Fakultas
Ilmu dan Teknologi Kebumian
Program Studi Meteorologi
© 2012 Program Studi Meteorologi Institut Teknologi Bandung
PENERBITAN ONLINE AWAL
Paper ini adalah PDF yang diserahkan oleh penulis kepada
Program Studi Meteologi sebagai salah satu syarat kelulusan
program sarjana. Karena paper ini langsung diunggah setelah
diterima, paper ini belum melalui proses peninjauan, penyalinan
penyuntingan, penyusunan, atau pengolahan oleh Tim Publikasi
Program Studi Meteorologi. Paper versi pendahuluan ini dapat
diunduh, didistribusikan, dan dikutip setelah mendapatkan izin
dari Tim Publikasi Program Studi Meteorologi, tetapi mohon
diperhatikan bahwa akan ada tampilan yang berbeda dan
kemungkinan beberapa isi yang berbeda antara versi ini dan
versi publikasi akhir.
1
Distribusi Tipe Aerosol Di Indonesia Bagian Barat Menggunakan
Data Modis-Aqua Dan Omi-Aura
Noviana Dewani
Program Studi Meteorologi, Fakultas Ilmu dan Teknologi Kebumian, Institut Teknologi Bandung
ABSTRAK
Keberadaan aerosol dapat mempengaruhi kesehatan manusia, kualitas udara, dan iklim. Sumber aerosol dapat berasal dari alam seperti kebakaran hutan, letusan gunung api, garam laut ataupun hasil kegiatan manusia seperti industri, pembakaran bahan bakar fosil. Setiap tahunnya, di Indonesia masih terjadi kebakaran hutan yang merupakan salah satu sumber aerosol. Secara umum aerosol dapat diklasifikasikan menjadi 4 tipe yakni, Sea Salt, Sulfat, Dust, Carbonaceous. Salah satu cara untuk mengetahui dan mengklasifikasi keberadaan aerosol yakni menggunakan satelit. Pengklasifikasian tipe aerosol ini dilakukan menggunakan data Aerosol Optical Depth (AOD) dan Fine Mode Fraction (FMF) dari data Modis-Aqua dan data indeks aerosol dari data OMI-Aura dengan menggunakan algoritma MODIS-OMI. Metode ini mengklasifikasikan aerosol berdasarkan daya serap radiasi matahari dan ukuran aerosol. Pada tahun 2011 di wilayah Indonesia bagian barat diketahui terdapat 2 jenis tipe aerosol utama dan 1 jenis tipe aerosol campuran, yakni tipe sea salt, sulfat, dan campuran antara sea salt dan sulfat. Aerosol sea salt pada umumnya terdapat di wilayah lautan dan persebarannya dipengaruhi oleh angin. Aerosol sulfat lebih dominan berada di wilayah Pulau Sumatera dan Pulau Kalimantan. Pada bulan-bulan basah, tipe sulfat ini lebih menyebar dan lebih sedikit dibanding pada bulan-bulan kering. Pada bulan-bulan kering, tipe sulfat ini terkonsentrasi pada wilayah Sumatera dan Kalimantan. Untuk tipe campuran sea salt dan sulfat terdapat di wilayah antara tipe sea salt dan tipe sulfat. Tipe ini merupakan tipe untuk meminimalisasi eror dari pengklasifikasian.

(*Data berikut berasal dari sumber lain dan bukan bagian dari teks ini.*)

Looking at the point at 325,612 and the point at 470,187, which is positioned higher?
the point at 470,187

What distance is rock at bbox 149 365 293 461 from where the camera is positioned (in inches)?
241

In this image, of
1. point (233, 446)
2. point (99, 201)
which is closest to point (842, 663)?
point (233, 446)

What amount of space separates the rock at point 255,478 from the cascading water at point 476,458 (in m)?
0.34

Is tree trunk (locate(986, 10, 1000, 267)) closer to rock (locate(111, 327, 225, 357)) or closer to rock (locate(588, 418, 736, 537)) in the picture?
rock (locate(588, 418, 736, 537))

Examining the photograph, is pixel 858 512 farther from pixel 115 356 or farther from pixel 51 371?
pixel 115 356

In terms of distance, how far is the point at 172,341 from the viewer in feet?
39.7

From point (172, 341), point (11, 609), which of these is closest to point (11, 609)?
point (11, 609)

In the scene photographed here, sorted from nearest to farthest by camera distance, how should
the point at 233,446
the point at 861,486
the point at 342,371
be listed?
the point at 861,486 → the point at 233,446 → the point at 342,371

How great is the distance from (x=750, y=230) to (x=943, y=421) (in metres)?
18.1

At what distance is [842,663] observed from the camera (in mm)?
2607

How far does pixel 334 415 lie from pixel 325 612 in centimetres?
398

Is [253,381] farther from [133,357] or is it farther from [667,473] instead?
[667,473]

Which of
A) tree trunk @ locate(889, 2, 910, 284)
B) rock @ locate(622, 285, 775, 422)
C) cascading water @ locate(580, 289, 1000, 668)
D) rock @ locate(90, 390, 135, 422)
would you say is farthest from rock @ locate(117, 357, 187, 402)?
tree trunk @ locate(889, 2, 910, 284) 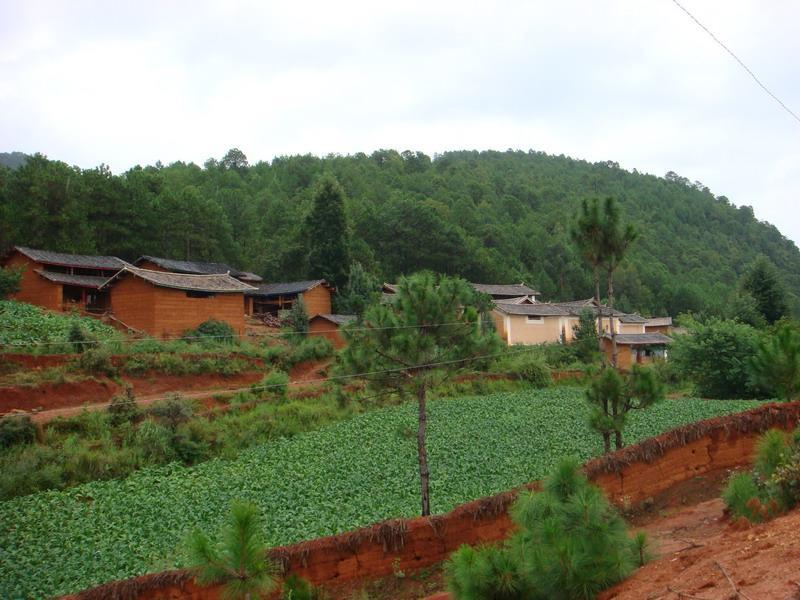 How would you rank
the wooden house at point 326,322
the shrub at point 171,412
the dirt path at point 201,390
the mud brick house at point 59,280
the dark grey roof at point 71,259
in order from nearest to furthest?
the shrub at point 171,412, the dirt path at point 201,390, the mud brick house at point 59,280, the dark grey roof at point 71,259, the wooden house at point 326,322

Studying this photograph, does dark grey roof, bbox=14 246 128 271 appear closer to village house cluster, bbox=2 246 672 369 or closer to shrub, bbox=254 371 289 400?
village house cluster, bbox=2 246 672 369

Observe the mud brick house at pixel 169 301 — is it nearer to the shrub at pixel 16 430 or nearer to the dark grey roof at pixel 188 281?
the dark grey roof at pixel 188 281

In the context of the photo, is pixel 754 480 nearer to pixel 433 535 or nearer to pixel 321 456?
pixel 433 535

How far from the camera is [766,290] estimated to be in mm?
38781

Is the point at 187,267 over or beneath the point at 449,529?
over

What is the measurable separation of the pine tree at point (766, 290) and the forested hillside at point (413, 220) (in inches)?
303

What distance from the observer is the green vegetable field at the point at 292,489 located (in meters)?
13.0

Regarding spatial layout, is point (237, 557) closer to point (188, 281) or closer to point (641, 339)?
point (188, 281)

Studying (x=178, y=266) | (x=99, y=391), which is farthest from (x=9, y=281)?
(x=99, y=391)

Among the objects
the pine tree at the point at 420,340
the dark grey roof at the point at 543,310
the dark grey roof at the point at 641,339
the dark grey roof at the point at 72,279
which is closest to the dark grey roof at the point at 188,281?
the dark grey roof at the point at 72,279

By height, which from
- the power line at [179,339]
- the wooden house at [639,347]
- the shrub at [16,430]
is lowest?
the shrub at [16,430]

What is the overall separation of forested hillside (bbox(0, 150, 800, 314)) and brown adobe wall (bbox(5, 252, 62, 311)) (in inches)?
171

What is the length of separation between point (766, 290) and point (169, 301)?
29928mm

Kata kunci : tipe aerosol, Indonesia, Modis, OMI, AOD, FMF, Indeks Aerosol
1. Pendahuluan
Aerosol secara umum dapat didefinisikan sebagai suspensi dari larutan atau partikel padat di udara dengan ukuran partikel antara 10 9 – 10 -4 m
(Poschl, 2005). Aerosol dapat berpengaruh terhadap kesehatan manusia, kualitas udara dan juga iklim. Setiap tipe aerosol memiliki efek yang berbeda terhadap iklim. Ada tipe aerosol yang dapat menyerap radiasi matahari dan ada pula yang dapat menghamburkan radiasi matahari. Secara umum, aerosol dapat dikategorikan kedalam beberapa tipe berdasarkan ukuran dan daya serap terhadap radiasi matahari. Tipe tersebut antara lain carbonaceous
(absorbing fine-mode), soil dust (absorbing coarse-mode), sulfat (non-absorbing fine-mode) dan sea salt (non absorbing coarse mode) (Hirugashi dan
Nakajima, 2002).
Aerosol dapat bersumber dari alam ataupun dari kegiatan manusia. Sumber-sumber aerosol yang berasal dari alam antara lain letusan gunung api, garam laut, ataupun debu. Sumber aerosol dari kegiatan manusia berasal dari industri, transportasi, pembakaran bahan bakar fosil dan kebakaran hutan. Masih dominannya kejadian kebakaran hutan di Kalimantan dan Sumatera yang merupakan area lahan gambut terluas di dunia (Hasisson et al.,2009), menjadi salah satu sumber aerosol di Indonesia.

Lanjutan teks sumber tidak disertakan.